Keeping Your Kitten Calm and Still

Find a quiet room and let your kitten settle into a comfortable position before you start. Having a second person gently hold or pet the kitten can make a big difference, especially for the femoral method, which requires the kitten to stay relatively still for at least 15 seconds. Some kittens tolerate being on their side; others do better cradled on their back in someone’s lap. Work with whatever position your kitten accepts rather than forcing a specific one.

If your kitten becomes distressed, tense, or tries to bite or scratch, stop and try again later. A stressed kitten will have an elevated heart rate that won’t tell you much, and you risk hurting both yourself and the kitten.

What a Normal Pulse Feels Like

A healthy pulse feels like a steady, even rhythm with consistent strength in each beat. Each throb should feel distinct and roughly the same size as the one before it. Think of it like a small, reliable drumbeat under your fingertips.

There are a few abnormal patterns worth knowing about. A “thready” pulse feels very narrow and faint, like a thin thread flickering under the skin. This can signal that your kitten’s blood volume is low, possibly from dehydration or blood loss. A “weak” pulse is both faint and slow, with very little difference between the peaks and valleys of each beat. This pattern shows up in more severe situations like shock. A “bounding” pulse feels sharper and snappier than normal, with each beat hitting your fingers with more force than expected. It can occur in the early stages of dehydration or when the body is compensating for low blood volume by pumping harder.

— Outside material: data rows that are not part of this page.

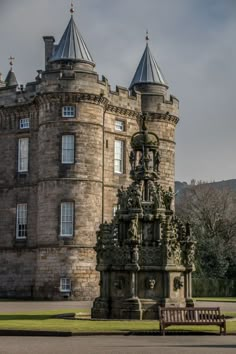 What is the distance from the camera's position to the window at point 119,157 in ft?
166

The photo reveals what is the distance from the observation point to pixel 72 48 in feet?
164

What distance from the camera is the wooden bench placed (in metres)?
21.5

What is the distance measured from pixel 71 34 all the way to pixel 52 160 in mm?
9164

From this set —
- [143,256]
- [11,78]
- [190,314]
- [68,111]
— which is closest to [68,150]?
[68,111]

Any of these patterns, or a pulse you simply cannot find at all, warrants immediate veterinary attention.

Heart Rate Red Flags

A resting heart rate that’s unusually slow for your kitten’s age can be a sign of impending cardiac trouble. On the other end, a very fast rate above 200 beats per minute in a calm, resting kitten (not one who was just playing) may indicate a serious rhythm problem. If the pulse feels irregular, with skipped beats, sudden pauses, or chaotic timing, that’s also a concern regardless of the rate itself.

Context matters. A kitten who just wrestled with a toy mouse and clocks in at 200 is probably fine. A kitten lying still on the couch with the same reading is not.

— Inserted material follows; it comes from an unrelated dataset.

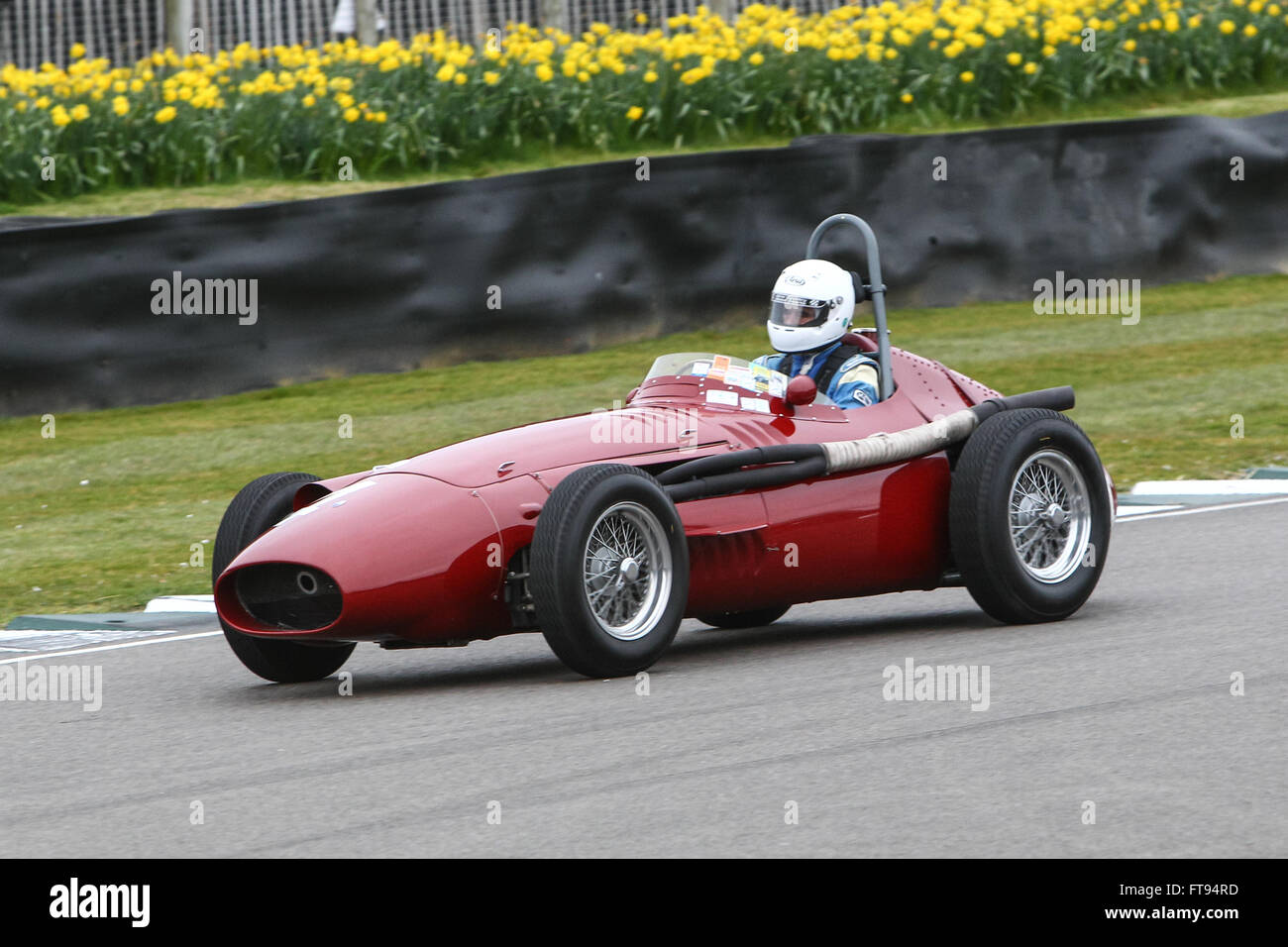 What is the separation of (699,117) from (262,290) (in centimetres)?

Breathing Rate as a Quick Companion Check

While you’re monitoring your kitten’s pulse, it’s worth counting their breathing rate too. Watch the rise and fall of the chest or the movement of the belly, and count breaths for 15 seconds, then multiply by four. Normal for a cat is 15 to 35 breaths per minute. A kitten breathing faster than that while at rest, or showing effort with each breath (open-mouth breathing, flared nostrils, visible rib movement), may be in respiratory distress.

Checking both pulse and breathing together gives you a much more complete picture of your kitten’s condition than either measurement alone. It’s a habit worth building, especially during the first year when kittens are most vulnerable to infections and congenital issues that can affect the heart and lungs.